Splunk software enables you to collect data and easily search it, looking for patterns, optimizations, and opportunities that can help your organization or business succeed. Gathering data is essential for just about any use case you pursue with the Splunk platform, but it's important to remember that there are people on the other side of the data that you collect.
Protecting privacy is important for everyone, but when you collect data it's even more important. Thankfully, with Splunk software, it's easy to protect privacy when you're collecting data.
If you promise to protect the personal information of people that you collect data about, you have a responsibility to protect their privacy. If you're dealing with data about consumers, the FTC enforces that responsibility but even when there is no legal or financial motive for protecting user privacy, it's just a good idea.

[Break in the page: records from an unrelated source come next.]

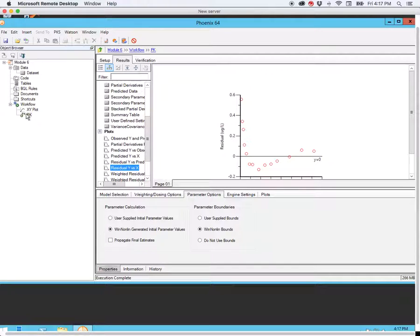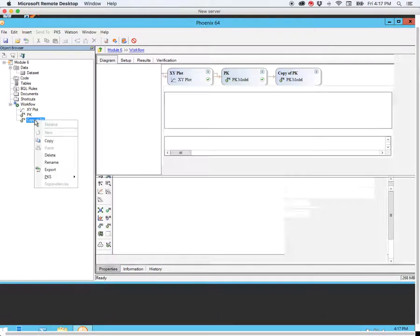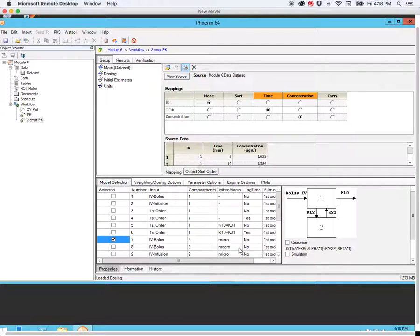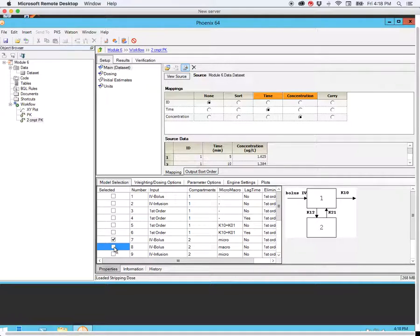All of this suggests that we should try a two-compartment model. I'm going to copy this and paste it into my work file, renaming it as two-compartment. Now I'm going to select the IV bolus for a two-compartment model. Whether we choose micro or macro does not really matter — it's the same model. However, when you determine your initial estimates by curve stripping and the residual methods discussed in Module 6, you'll notice that the parameter values you estimate in that way are A, B, alpha, and beta — these are the macro constants. So if you want to enter those hand-calculated values as your initial estimates, the macro constants option is the best choice.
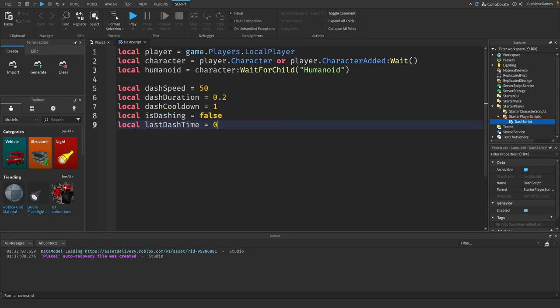Here we set up references to the player and their character as well as the humanoid which handles movement. We also define the speed of the dash, how long it should last, and a cooldown so the dash can't be spammed. The is dashing variable will track if the player is currently dashing and the last dash time will manage the cooldown.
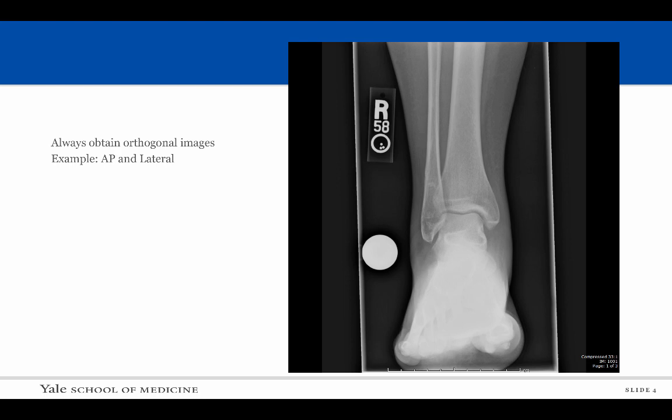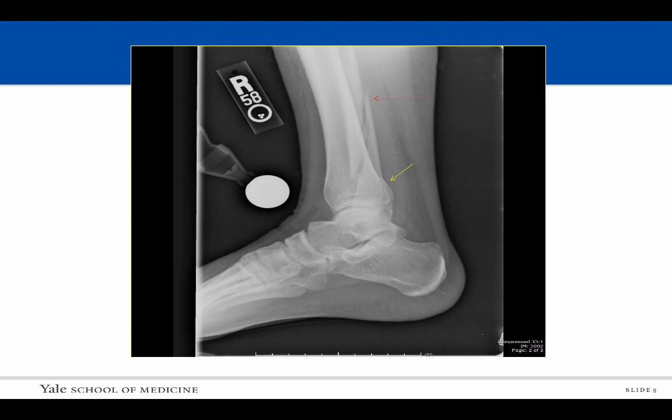Let's look at this patient who presents to us with ankle pain. There is no obvious deformity or fracture identified on the AP radiograph. However, careful examination of the lateral radiograph demonstrates the presence of an oblique fracture through the distal fibula, denoted by the red arrow.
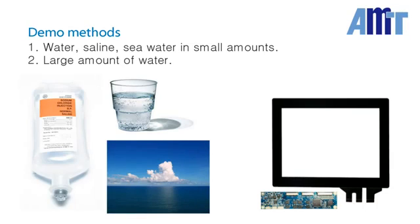We will first spray different types of liquid on the surface and see how the touchscreen performs. Then we will show how the touchscreen handles a large amount of water.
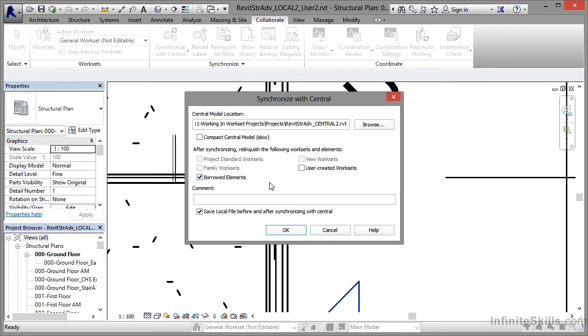That will give back that column to user 1 even though I've asked for permission to edit it. The other thing as well that you should always tick is save the local file before and after synchronizing with the central model.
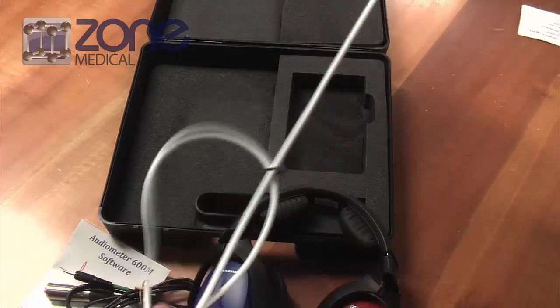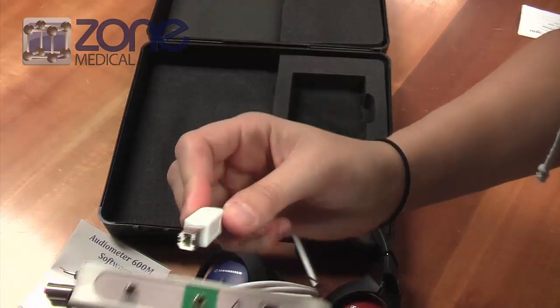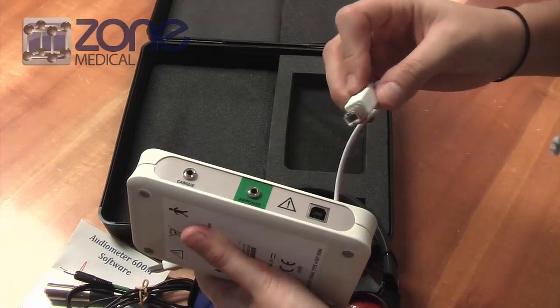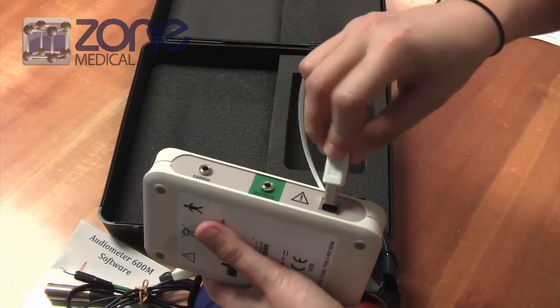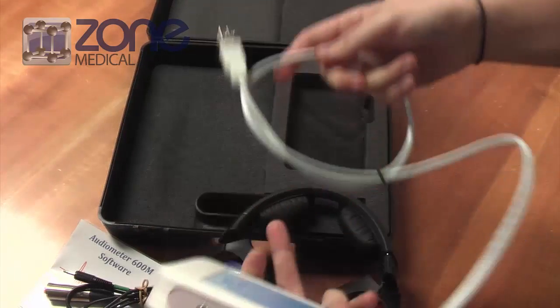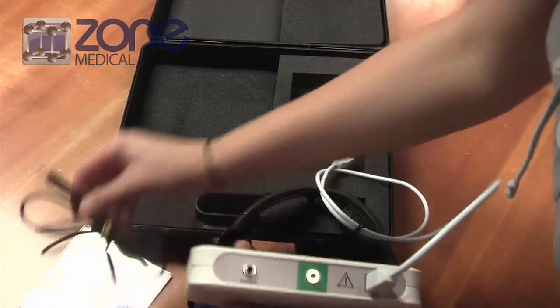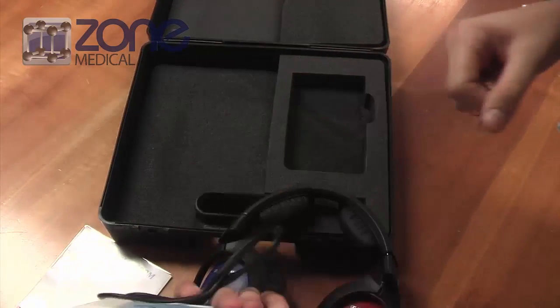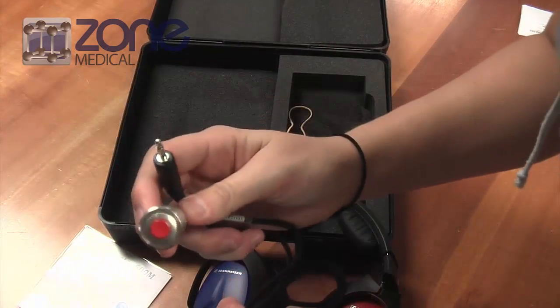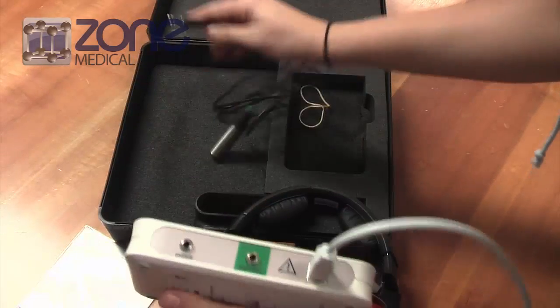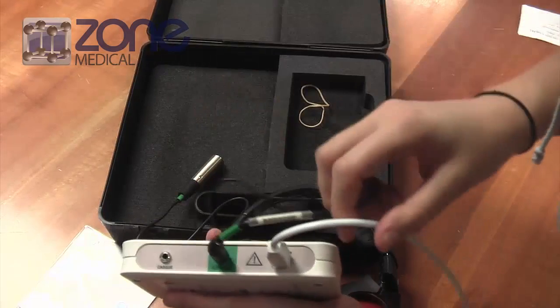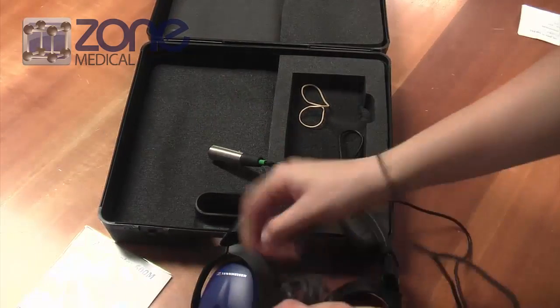The USB provides power to the audiometer, so as soon as it's plugged into the computer it'll automatically power up. Next, plug in the patient response switch, which has green around it to make it easier, and finally connect the headphones.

The best way to protect privacy is to collect only the data you need about people. The more data you collect about people, the less easily you can protect their privacy. Make sure there is a clear business case for collecting data before adding it to the Splunk platform. If you understand why you are adding data to the Splunk platform, and what insights you want to get out of it, you can more easily protect privacy at the same time.
If you still want to collect data about users and have a good business case for doing so, take precautions to protect privacy in several different ways:
- Anonymize the data that you collect. Make it hard to identify the people behind the data to protect the privacy of the people whose information is added to the Splunk platform. See Anonymize data for some ways to anonymize data when you add it to the Splunk platform.
- Keep data only as long as you need it. Set index retention policies, and don't keep sensitive or potentially identifiable information for longer than you need it. See Set a retirement and archiving policy to learn more about the attributes involved in index retention.
- Control access to data. Limit who can access data about people to those that have a business need to know that information. Keep track of who has access and periodically validate that those with access still need it. You can control access in Splunk software using capabilities, restricting access to specific indexes, search filters, and more. See Use access control to secure Splunk data.
- Encrypt everything. If you're sending valuable data to Splunk software, make sure no one can eavesdrop on it while you're sending it. Consider encrypting the data after it reaches the Splunk indexers too, by using an encrypted file system. See About securing data from forwarders.
I was inspired to write this post after attending a panel by the Electronic Frontier Foundation (EFF) about how to protect your privacy as a consumer or as a provider of consumer-used software. Thanks to Amul and Erica at the EFF. I also recently read The Circle by Dave Eggers, which reminded me of the importance of protecting privacy when it comes to big data.